The real challenge is to avoid random connections—the type that web surfing can produce—and instead find legitimate historical and intellectual connections, says Krasner. In fact, part of what he wants to teach his students is how they can find those legitimate connections for themselves, amidst a sea of randomness.

Krasner’s interest in web culture and learning has led him to videogame culture and theory. With the increasing sophistication of gaming products, some critics have labeled the new generation of games literary and artistic, raising questions about what constitutes literature, storytelling, and art.

A new videogame called Bioshock Infinite was recently touted by the New York Times as “a literary endeavor for a multimedia age.” According to the glowing review, the game is aesthetically beautiful with a compelling narrative, and addresses morality, politics, culture, history, and more. But with the fast pace of videogames, some educators are concerned that the inability to be thoughtful or reflective during a gaming experience is antithetical to learning. And how do we determine if a game makes the grade as art or literature?

“There are a lot of young people who have grown up on videogames who will argue vigorously that because you're immersed in it, this kind of art form is both unique and more effective,” says Krasner. “I'm always interested in popular art forms. Victorian literature is high art but also popular art, and that is rarely true. Videogames are certainly popular art and are now, in some cases, seen as high art.”

Which brings us back to Harry Potter. Krasner’s fascination with the Potter books stems in part from the fact that they, like the Victorian literary tradition from which they descend, are both high and popular art. Krasner enjoys the masterful way that Rowling is able to generate mass excitement and also do what art is supposed to do—examine the human condition.

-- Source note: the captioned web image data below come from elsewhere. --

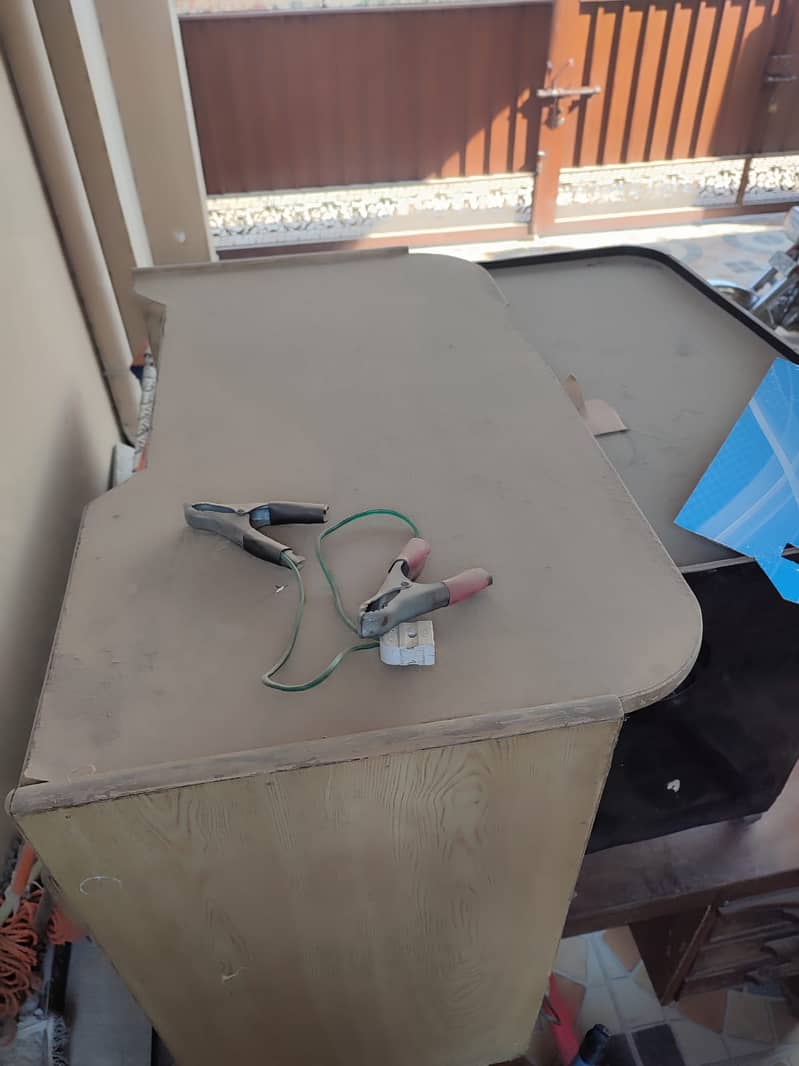 Old computer tables in cheap price 5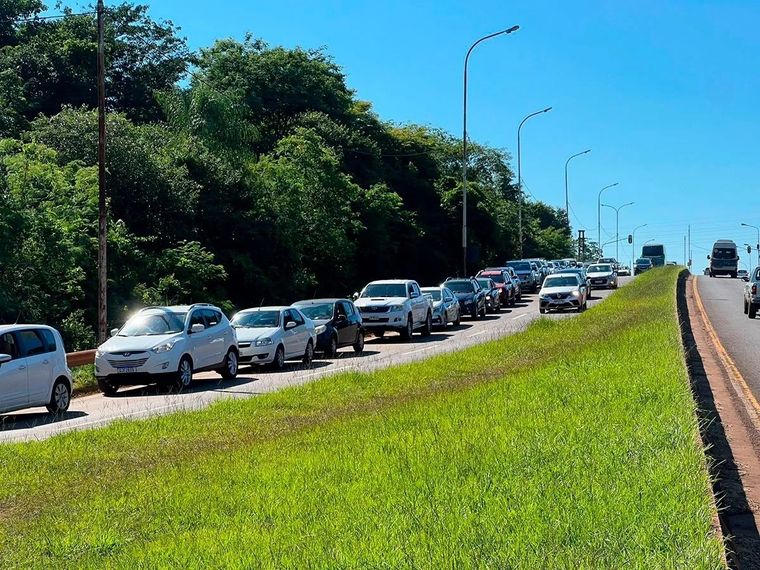 El colapso de los pasos fronterizos hacia Brasil se ha convertido en una constante en los últimos días del 2024 y el inicio del 2025. Foto: Norma Devechi / El Territorio
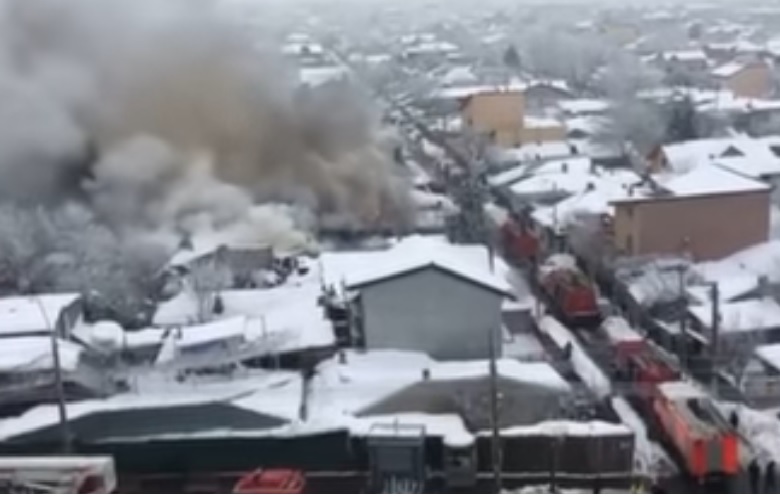 Incendiu în București. Patru case au ars în zona Apărătorii Patriei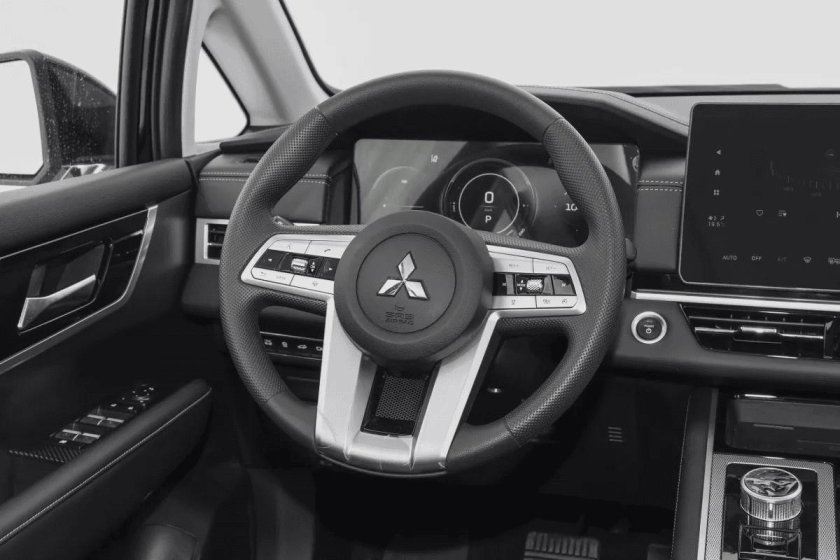 Mitsubishi outlander plug in hybrid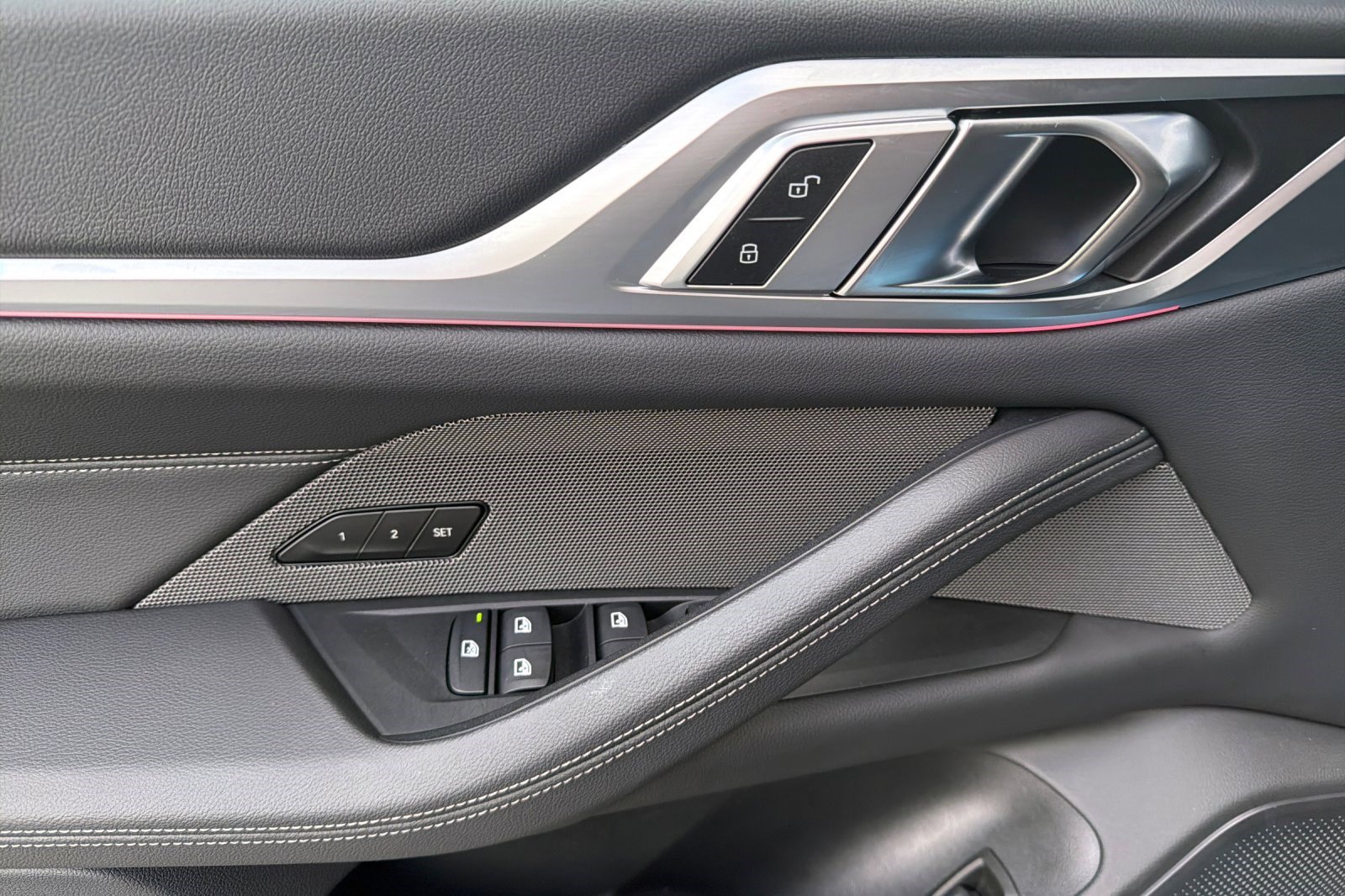 Used 2025 BMW i4 eDrive40 w/ Premium Package image 12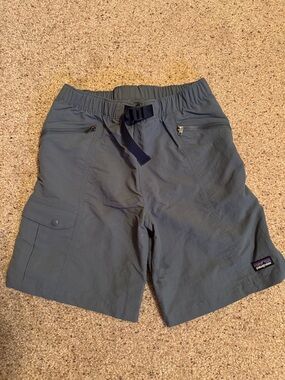 Patagonia boys Slate Gray everyday shorts with Built-in Belt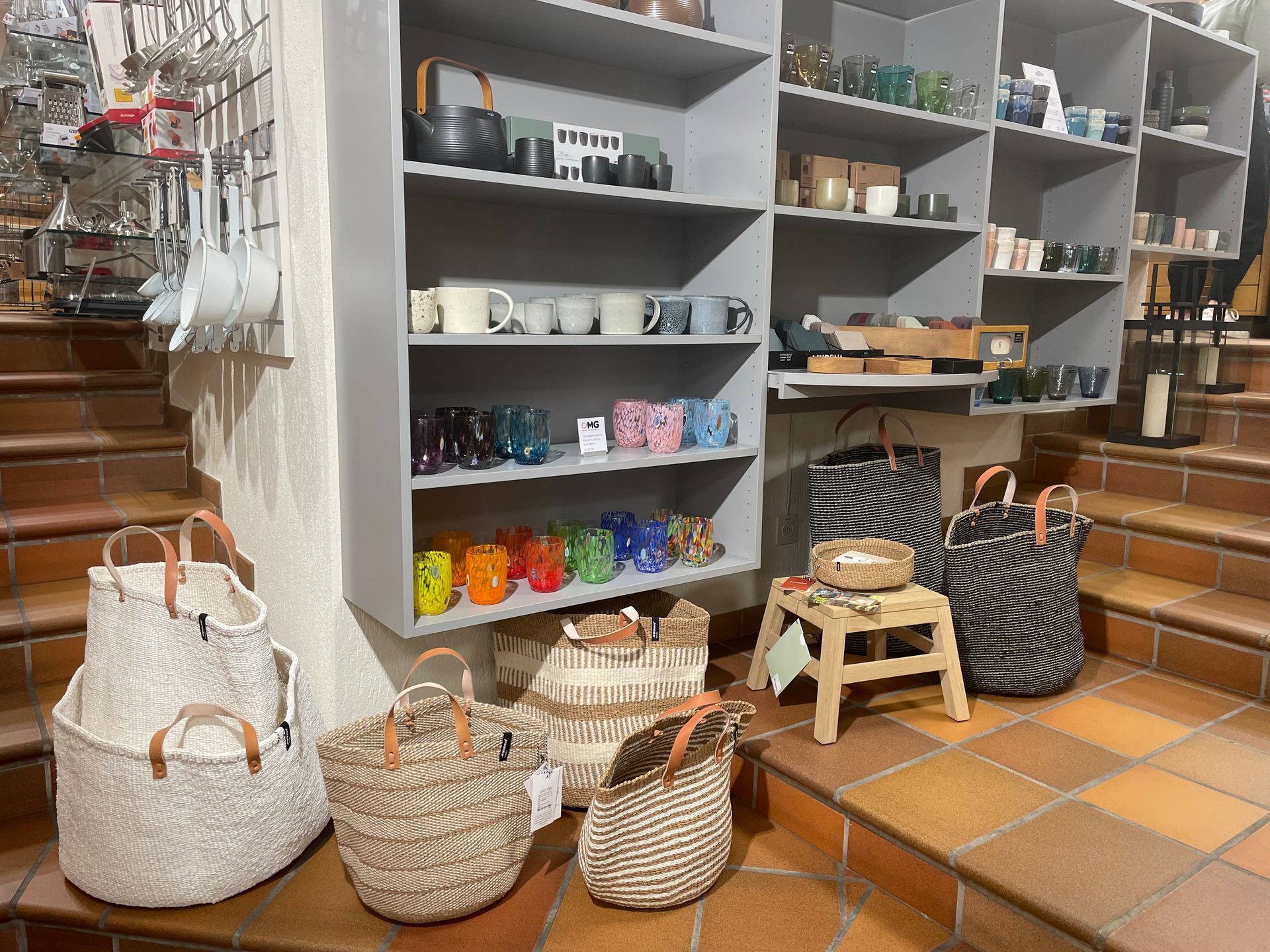 Ein Laden mit vielen Regalen und Körben auf dem Boden.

While Krasner’s goals for the Potter course are to improve students’ language arts skills and plumb some of the high-art features, he clearly hopes to capitalize on the fun—to revel in the verbal playfulness, charming characters, and ingenious plot twists of Rowling, unparalleled, claims Krasner—with only Dickens in the same league—in creating a complex web of character and plot in such an exciting and emotionally satisfying way.

“Harry Potter as Storytelling: An Online Adventure for the Young Fan” is designed for youth entering grades 4 to 8. The two-week session will run from July 15 to July 26, 2013, and will cost $200. The course is the university’s first Massive Online Course for Kids (MOCK) and the first summer online youth enrichment offering. Registration is open now.